§ Your task
Set down a faithful copy of every record below, with no images.

--- Provided data ---

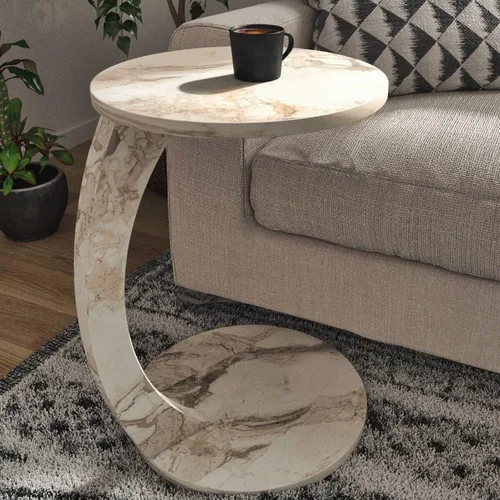 Vista 7 de Mesa auxiliar en forma de C para sofá, lugares pequeños, mesa auxiliar redonda de mármol sintético negro, ahorradora de espacio, mesa lateral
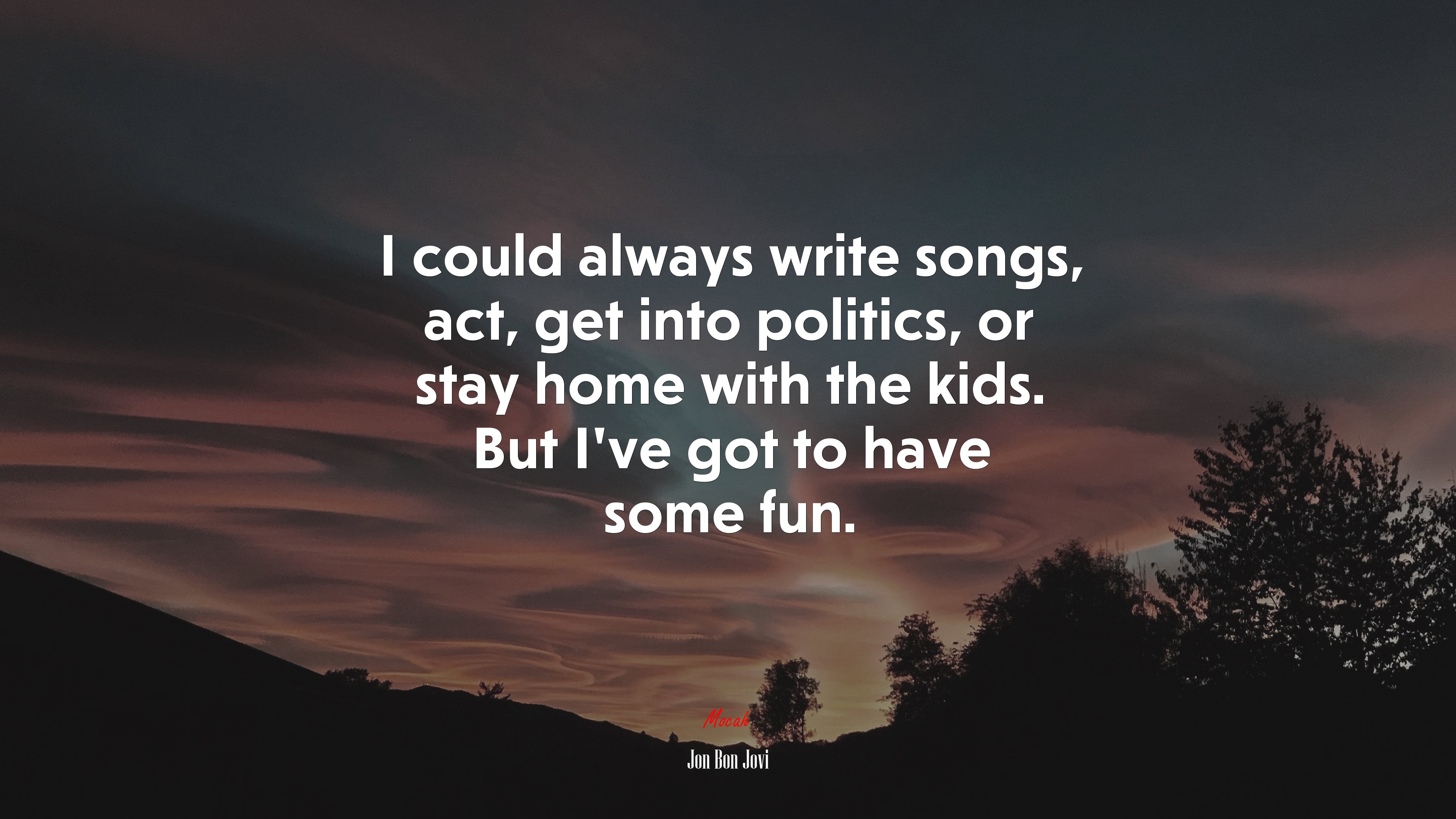 I could always write songs, act, get into politics, or stay home with the kids. But I’ve got to have some fun. | Jon Bon Jovi quote HD Wallpaper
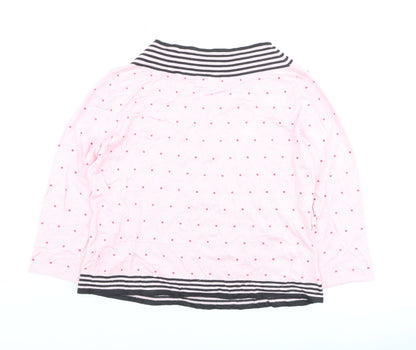 Alex & Co for Alexon Women's Pink Polka Dot 3/4 Sleeve Boat Neck Cotton Top Size 18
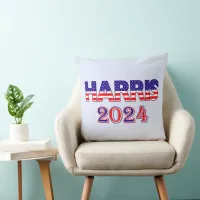 Harris 2024 President Democrat USA Flag Text Throw Pillow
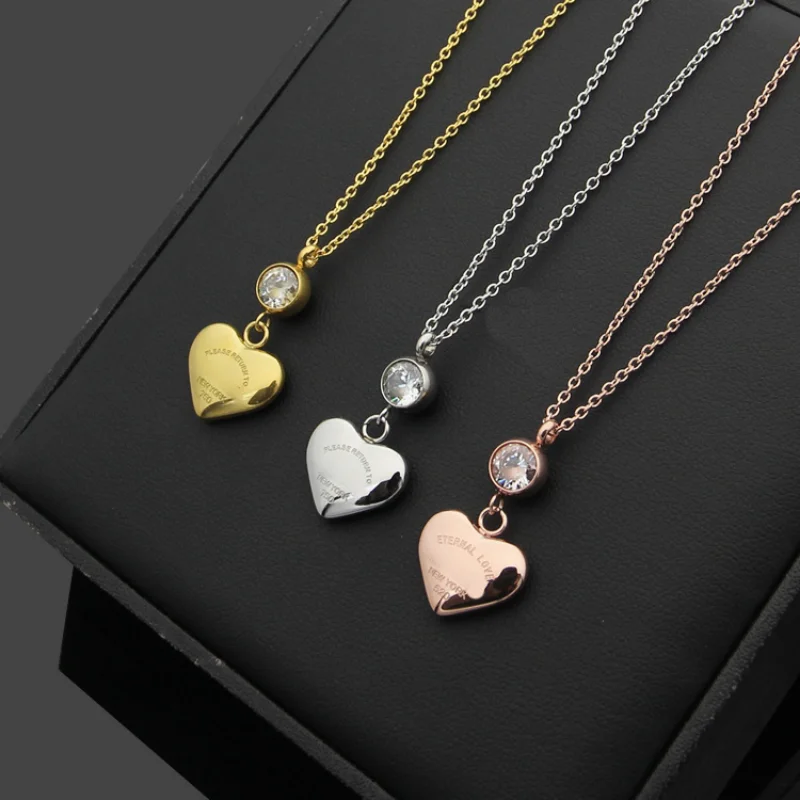 

2023 New Arrival Love Double Heart Ladie Forever Love Stainless Steel Necklace Drift Bottles Jewelry Wholesale Gift For Women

---

§ Response for this exercise
 Vista 7 de Mesa auxiliar en forma de C para sofá, lugares pequeños, mesa auxiliar redonda de mármol sintético negro, ahorradora de espacio, mesa lateral
 I could always write songs, act, get into politics, or stay home with the kids. But I’ve got to have some fun. | Jon Bon Jovi quote HD Wallpaper
 Alex & Co for Alexon Women's Pink Polka Dot 3/4 Sleeve Boat Neck Cotton Top Size 18
 Harris 2024 President Democrat USA Flag Text Throw Pillow

2023 New Arrival Love Double Heart Ladie Forever Love Stainless Steel Necklace Drift Bottles Jewelry Wholesale Gift For Women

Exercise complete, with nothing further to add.